A similar ERKMEKRaf cascade activation was also observed in our previous studies on TBI induced brain edema. The TBI associated stimula tion in Nogo A might have provided a connection that correlates the MAPK pathway to the TBI induced cytotoxic brain edema. Indomethacin selleck kinase inhibitor administration significantly reduced the intracranial pressure and BBB disrup tion, which may attenuate vasogenic brain edema. The protective effect of indomethacin is speculated not only to reduce the vasogenic edema that results from TBI induced intracranial pressure elevation but also to attenuate cytotoxic edema through the inhibition of the Nogo A MAPK pathway. A large number of studies have indicated that inflamma tion is important to TBI induced secondary damage Inhibitors,Modulators,Libraries to neurons, glia and myelin.

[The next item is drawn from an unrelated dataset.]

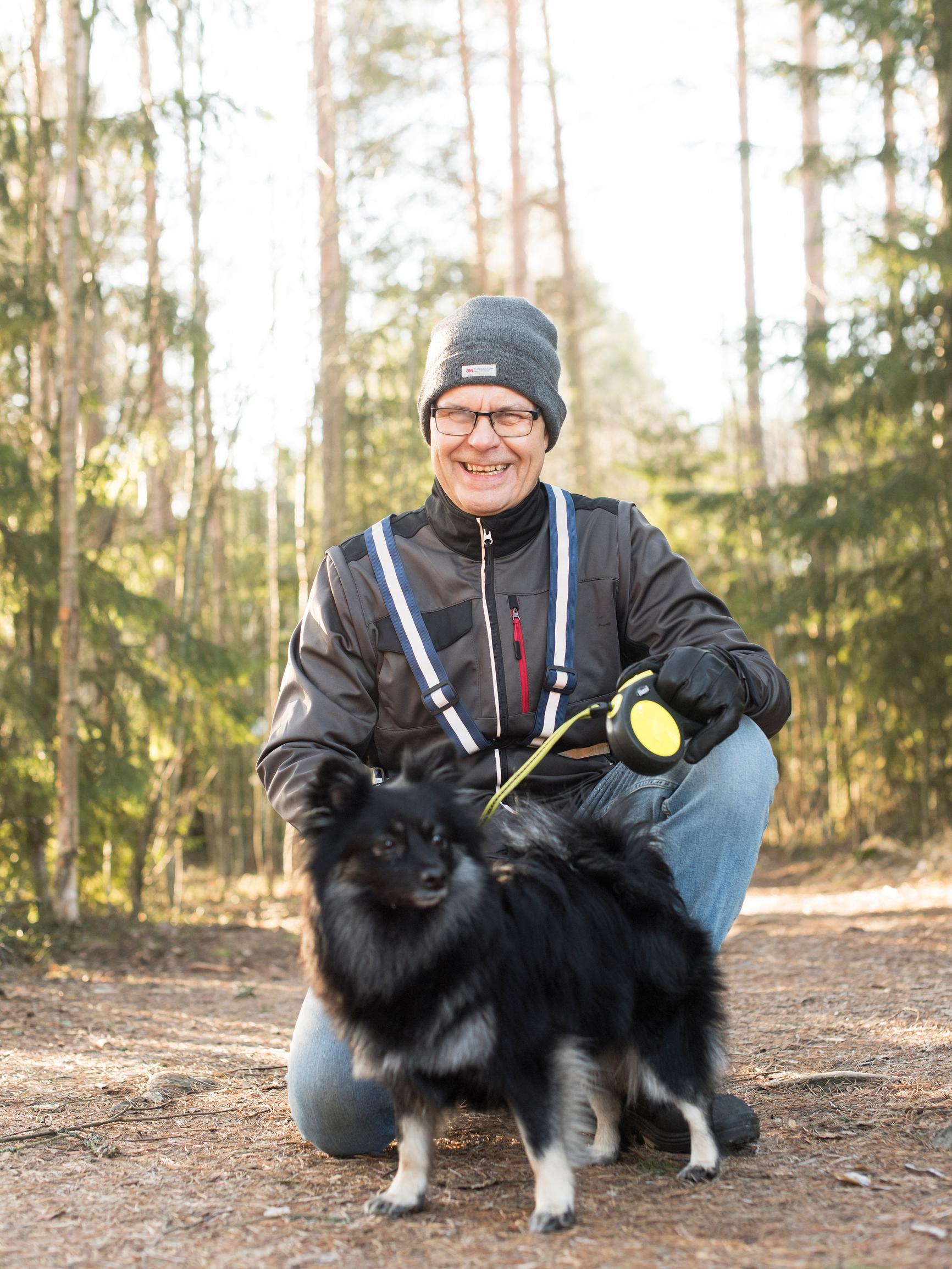 Suuren elämäntaparemontin tehnyt Jari: "Kuntoni on parempi kuin vuosikymmeniin"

TBI induces the rupture of the BBB and various inflammatory responses, including cytokine release, the accumulation of leukocytes, and acti Inhibitors,Modulators,Libraries vation of macrophages and microglia. Prostan glandin E2 is one of the early inflammatory Inhibitors,Modulators,Libraries mediators released by macrophages. Several studies have demonstrated that PGE2 is significantly elevated in the plasma of traumatized patients and animals and is important for macrophage activation. macrophages may migrate toward the site of injury, secrete toxic cytokines, and thereby cause further neuronal damage. Indomethacin, a non specific cyclooxygenase inhibitor, reduces PGE2 production and elicits a potent anti inflammatory effect. In this study, we found that indo methacin treatment significantly attenuated the TBI induced elevation of hippocampal Nogo A and IL 1B.
Recent studies have indicated that Nogo A receptors are expressed in macrophages in Inhibitors,Modulators,Libraries injured peripheral nerves and in oligodendrocytes of the central nervous system. It is highly possible that indomethacin blocks PGE2 production, which then Inhibitors,Modulators,Libraries attenuates the activation of macrophagemicroglia and further reduces the expression normally of Nogo A and IL 1B release. However, further study is needed to verify and delineate this complex mechanism. Conclusions The results presented here indicate that Nogo A plays an important role in TBI induced IL 1B release and neuronal and axonal damage. By inhibiting Nogo A expression, the systemic delivery of indomethacin can greatly ameliorate the TBI induced IL 1B overload and neuronal damage. Background The enzyme 5 lipoxygenase catalyzes the conversion of arachidonic acid to 5 hydroxyperoxyeicosatetraenoic acid and subsequently to 5 hydroxyeicosatetraenoic acid, which can be then metabolized into different leukotrienes. It is abundantly present in the central nervous system, where its activity is regulated by the presence and availability of another protein, 5LO activating protein.